顔を見られないようにするためでもあるが、なにより…
ダァン!
「!…(ザザッ)RABBIT4、私を撃たないでください」
『…あ、怪しいヘルメット団員を…撃ったんだけど…』
「……もういいです。3人は先に戻ってください」
ダッダッダッ
「私はもう少し残りま…もういない…」
まったく…今の3人はこういう命令だけは素直に従うんですよね…
そして、私が屑達を一か所にまとめ終わった後、帰ろうとしたとき、
「ま…待て…」
屑の一人が私を呼び止めた。どうやら、目を覚ましたらしい。
「私たちが…何をしたというんだ…」
医療品に『砂糖』を混ぜたではないですか…
「私たちは…ただ…」
……
「あの方…の…ため…に…」
「……黙ってください」
最後の一言が何故か無性に腹が立った。
ここに来る前のホシノさんを思い出す。
その時の私は、笑う彼女から指示を聞いた後、具体的な場所を彼女が言っていないことに気付き、聞きに戻ったら…

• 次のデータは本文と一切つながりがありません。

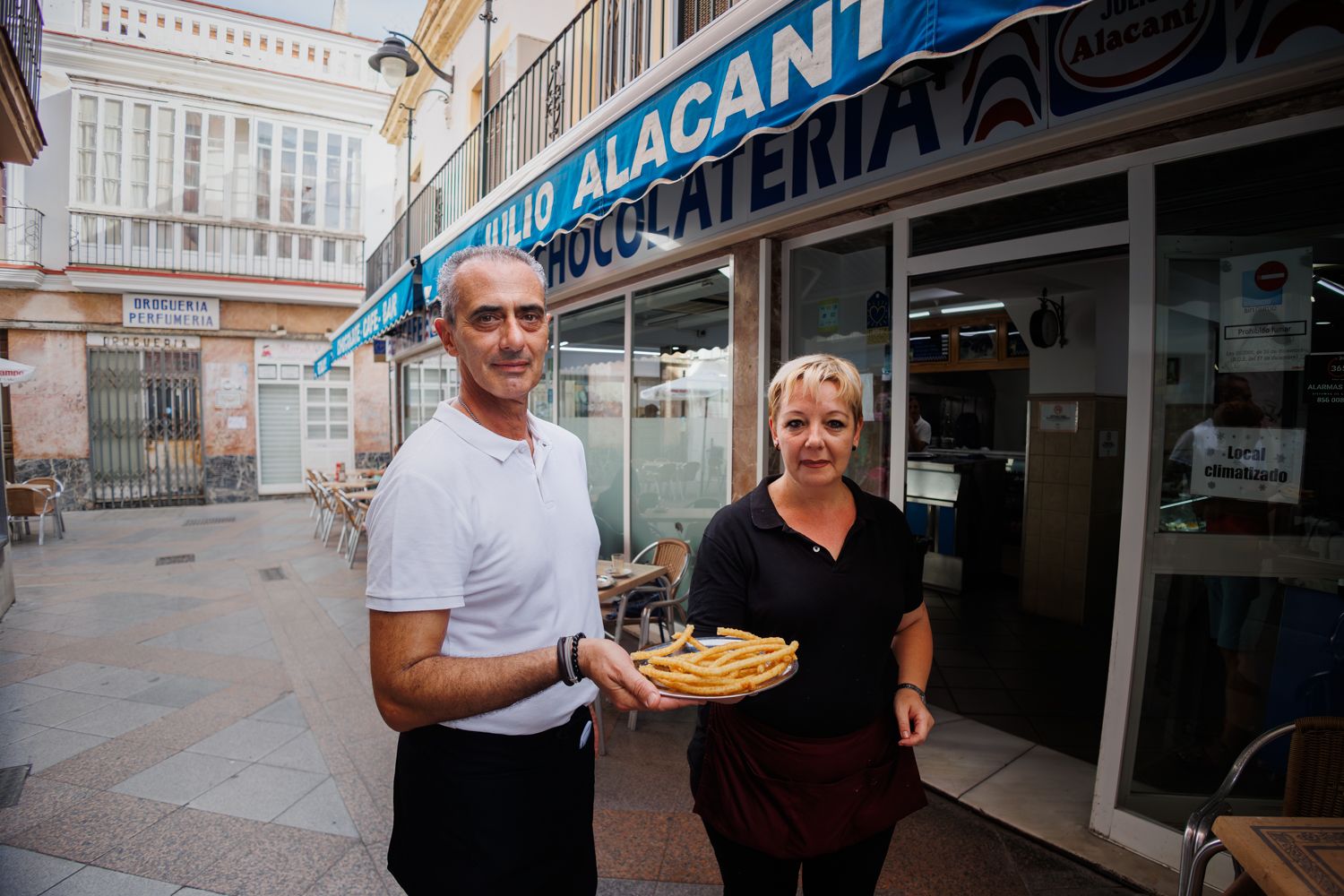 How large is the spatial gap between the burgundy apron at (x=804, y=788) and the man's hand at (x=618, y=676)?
52 centimetres

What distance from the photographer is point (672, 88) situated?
10.8 feet

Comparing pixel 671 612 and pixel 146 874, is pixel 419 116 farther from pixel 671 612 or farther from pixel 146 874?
pixel 146 874

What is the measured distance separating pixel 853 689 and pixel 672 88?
2.86 meters

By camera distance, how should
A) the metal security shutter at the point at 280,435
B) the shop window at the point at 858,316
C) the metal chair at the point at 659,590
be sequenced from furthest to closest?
the metal security shutter at the point at 280,435, the metal chair at the point at 659,590, the shop window at the point at 858,316

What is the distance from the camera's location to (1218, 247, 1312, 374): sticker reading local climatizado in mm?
2568

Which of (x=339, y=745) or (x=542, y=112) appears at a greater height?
(x=542, y=112)

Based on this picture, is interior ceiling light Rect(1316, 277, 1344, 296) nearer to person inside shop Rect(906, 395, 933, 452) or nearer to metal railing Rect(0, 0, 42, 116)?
person inside shop Rect(906, 395, 933, 452)

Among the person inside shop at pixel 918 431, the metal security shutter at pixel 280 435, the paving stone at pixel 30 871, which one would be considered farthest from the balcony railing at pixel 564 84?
the metal security shutter at pixel 280 435

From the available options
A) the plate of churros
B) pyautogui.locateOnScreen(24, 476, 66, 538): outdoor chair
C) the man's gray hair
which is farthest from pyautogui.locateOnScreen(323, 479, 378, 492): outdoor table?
the plate of churros

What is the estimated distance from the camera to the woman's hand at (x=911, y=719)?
5.77 feet

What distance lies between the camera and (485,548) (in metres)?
1.39

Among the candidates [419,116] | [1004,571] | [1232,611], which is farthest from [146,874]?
[419,116]

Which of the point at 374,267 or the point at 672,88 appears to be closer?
the point at 672,88

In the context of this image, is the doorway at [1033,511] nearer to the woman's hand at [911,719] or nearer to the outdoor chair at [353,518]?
the woman's hand at [911,719]
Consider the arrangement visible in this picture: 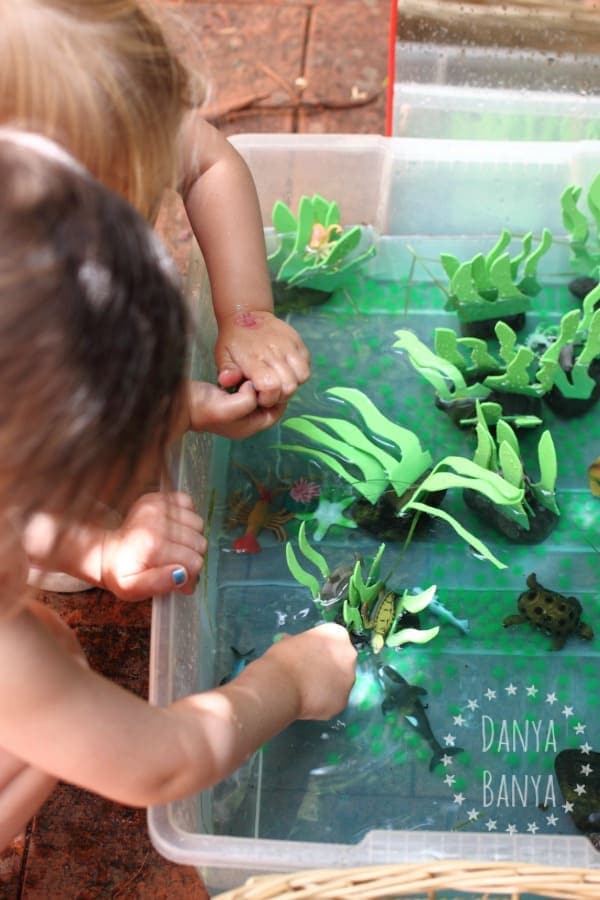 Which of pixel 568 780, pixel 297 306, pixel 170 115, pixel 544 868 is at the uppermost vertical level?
pixel 170 115

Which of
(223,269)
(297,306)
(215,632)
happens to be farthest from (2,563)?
(297,306)

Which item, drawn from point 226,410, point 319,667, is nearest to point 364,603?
point 319,667

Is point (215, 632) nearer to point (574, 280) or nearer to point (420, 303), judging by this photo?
point (420, 303)

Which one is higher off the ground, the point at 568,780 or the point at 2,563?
the point at 2,563

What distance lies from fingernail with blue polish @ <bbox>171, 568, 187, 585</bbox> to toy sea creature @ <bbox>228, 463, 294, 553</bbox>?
0.63 feet

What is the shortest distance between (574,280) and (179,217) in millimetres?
567

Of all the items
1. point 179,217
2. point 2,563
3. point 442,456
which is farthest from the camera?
point 179,217

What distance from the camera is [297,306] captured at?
1210mm

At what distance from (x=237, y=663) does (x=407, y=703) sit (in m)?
0.16

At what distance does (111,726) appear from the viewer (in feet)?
2.13

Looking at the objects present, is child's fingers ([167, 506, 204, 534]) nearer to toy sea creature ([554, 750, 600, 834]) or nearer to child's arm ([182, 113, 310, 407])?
child's arm ([182, 113, 310, 407])

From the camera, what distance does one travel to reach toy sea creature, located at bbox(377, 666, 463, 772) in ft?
2.96

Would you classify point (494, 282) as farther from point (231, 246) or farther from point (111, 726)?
point (111, 726)

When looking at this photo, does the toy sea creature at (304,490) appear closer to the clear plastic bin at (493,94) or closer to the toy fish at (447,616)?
the toy fish at (447,616) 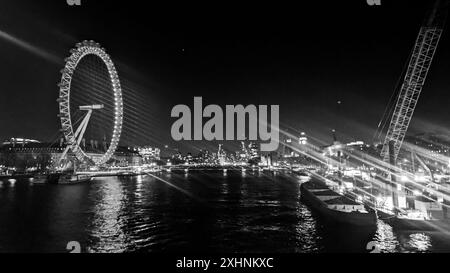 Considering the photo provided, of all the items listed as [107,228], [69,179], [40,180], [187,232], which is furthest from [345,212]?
[40,180]

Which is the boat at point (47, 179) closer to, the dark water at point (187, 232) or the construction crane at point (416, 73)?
the dark water at point (187, 232)

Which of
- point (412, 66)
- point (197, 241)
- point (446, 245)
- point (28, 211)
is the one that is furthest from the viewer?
point (412, 66)

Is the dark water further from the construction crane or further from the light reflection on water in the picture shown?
the construction crane

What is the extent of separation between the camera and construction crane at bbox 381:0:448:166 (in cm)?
4034

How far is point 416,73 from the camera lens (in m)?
45.8

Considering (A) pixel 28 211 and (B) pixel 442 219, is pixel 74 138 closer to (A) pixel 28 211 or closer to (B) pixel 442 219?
(A) pixel 28 211

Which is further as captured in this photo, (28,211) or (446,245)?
(28,211)

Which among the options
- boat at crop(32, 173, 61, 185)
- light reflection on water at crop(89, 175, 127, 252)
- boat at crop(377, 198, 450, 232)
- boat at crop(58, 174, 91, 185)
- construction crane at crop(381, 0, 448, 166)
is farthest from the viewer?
boat at crop(32, 173, 61, 185)

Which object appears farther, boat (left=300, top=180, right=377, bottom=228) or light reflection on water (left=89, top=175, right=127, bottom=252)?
boat (left=300, top=180, right=377, bottom=228)

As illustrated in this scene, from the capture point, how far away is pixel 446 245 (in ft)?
75.8

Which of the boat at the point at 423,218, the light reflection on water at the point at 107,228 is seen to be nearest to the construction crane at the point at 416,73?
the boat at the point at 423,218

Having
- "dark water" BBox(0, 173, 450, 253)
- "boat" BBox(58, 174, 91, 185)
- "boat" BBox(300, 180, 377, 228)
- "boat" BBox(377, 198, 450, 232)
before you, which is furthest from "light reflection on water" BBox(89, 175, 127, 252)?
"boat" BBox(58, 174, 91, 185) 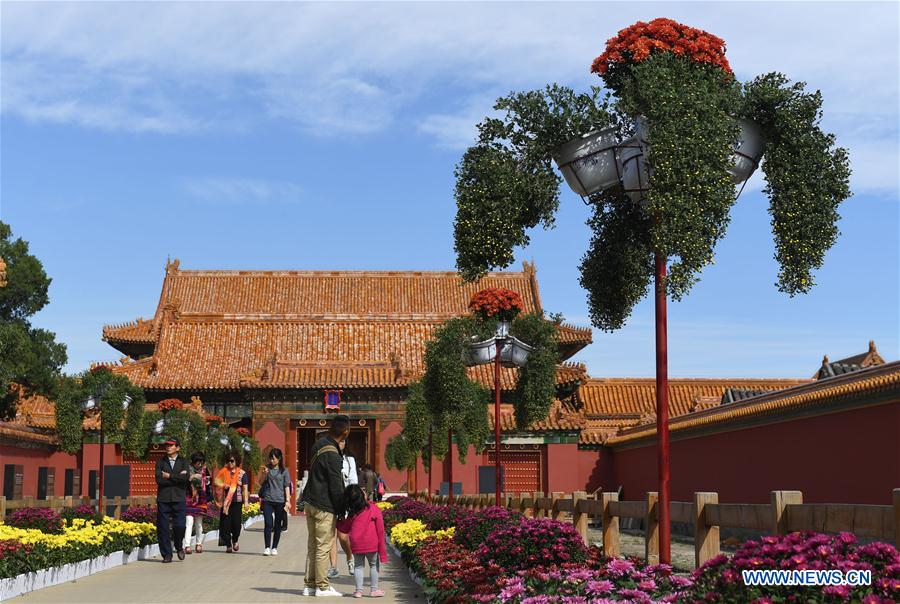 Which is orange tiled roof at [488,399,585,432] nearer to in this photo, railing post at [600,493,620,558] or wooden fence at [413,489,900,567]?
wooden fence at [413,489,900,567]

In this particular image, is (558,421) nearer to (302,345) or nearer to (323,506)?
(302,345)

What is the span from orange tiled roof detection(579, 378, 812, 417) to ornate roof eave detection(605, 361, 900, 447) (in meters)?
16.9

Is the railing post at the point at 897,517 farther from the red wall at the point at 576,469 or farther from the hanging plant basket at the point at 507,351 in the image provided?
the red wall at the point at 576,469

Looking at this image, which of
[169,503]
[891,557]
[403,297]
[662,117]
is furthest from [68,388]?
[403,297]

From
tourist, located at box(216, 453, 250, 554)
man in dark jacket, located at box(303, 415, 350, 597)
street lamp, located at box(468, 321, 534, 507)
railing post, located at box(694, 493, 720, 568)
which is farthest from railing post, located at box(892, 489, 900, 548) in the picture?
street lamp, located at box(468, 321, 534, 507)

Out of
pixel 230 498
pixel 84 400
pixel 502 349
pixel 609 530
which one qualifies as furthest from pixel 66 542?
pixel 84 400

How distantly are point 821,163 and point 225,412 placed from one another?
38.4 m

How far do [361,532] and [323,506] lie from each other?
0.47 m

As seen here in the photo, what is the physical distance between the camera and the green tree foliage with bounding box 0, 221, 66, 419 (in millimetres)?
41719

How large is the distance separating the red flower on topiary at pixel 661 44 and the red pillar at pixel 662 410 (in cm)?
147

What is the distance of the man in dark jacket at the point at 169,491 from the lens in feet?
48.6

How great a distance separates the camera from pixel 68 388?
23.2 m

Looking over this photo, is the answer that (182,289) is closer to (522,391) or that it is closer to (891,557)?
(522,391)

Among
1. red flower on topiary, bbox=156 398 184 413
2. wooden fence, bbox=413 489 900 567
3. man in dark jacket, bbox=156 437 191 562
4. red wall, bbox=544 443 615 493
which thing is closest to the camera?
wooden fence, bbox=413 489 900 567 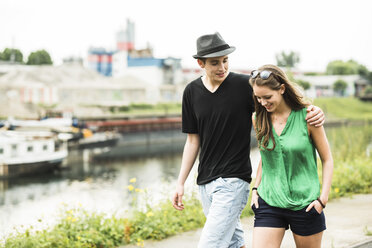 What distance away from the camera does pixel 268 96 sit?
7.28ft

『先輩…ごめんなさい…でも…私…アビドスのために…』
そう言って一人泣いていたホシノさんを偶然見てしまったのだ。
そしてホシノさんはそのまま寝てしまい、私はベッドへと彼女を運んだ。
「あの人のため?ふざけたことを言わないでください。あの人は悪人ではあってもあなた達のような屑ではありません」
「お前に…何が…」
「わかりたくありませんよあんな悪党。人をこき使って、精神的に追い込んで、人が苦しんでいる様子を笑って、笑っていたかと思えば急に泣き出して、何かに謝った後に急にトんで寝て、本能のままに動くアレの考えなんてわかるわけないじゃないですか」
「言わせて…おけば…」
「……ですが」
ドドドドドドドドド
「グァ…」
私は起き上がりそうなった屑の一人に銃弾を浴びせた。
「あの人にだって、超えてはいけない一線はあります。あなた達はその一線を越えた。それだけの話です」
「……」
「…聞いてませんか」
どうやら屑は再び気絶したようだ。
私は予定通り、匿名でヴァルキューレに連絡して、彼女達が来る前に撤収した。
そして、小隊のみんなでホシノさんに報告した。
ホシノさんはいつも通りに戻っていて、私は深いため息をついた。
報酬は後日貰えるとのことで、小隊のみんなは喜んでいた。
その後、私は与えられた部屋へと戻った。
カポッ
私はヘルメットを外して、外を見る。
窓ガラスに『一番の屑』の顔が映った。
SRTの本質を忘れて、ただ手を汚し続けている自分に一番腹が立つ。
そんな自分の顔を見るのが、見られるのが嫌で、
私は任務の際はヘルメットを被るようにしたのだ。
…そういえば
『あの方…の…ため…に…』
「…何故腹が立ったんでしょうか?」
屑の最後の一言に腹が立った理由がわからなかった。
「……多分、何かしらが、私の一線を越えたんでしょう」
そう結論付けて、私は眠りについた。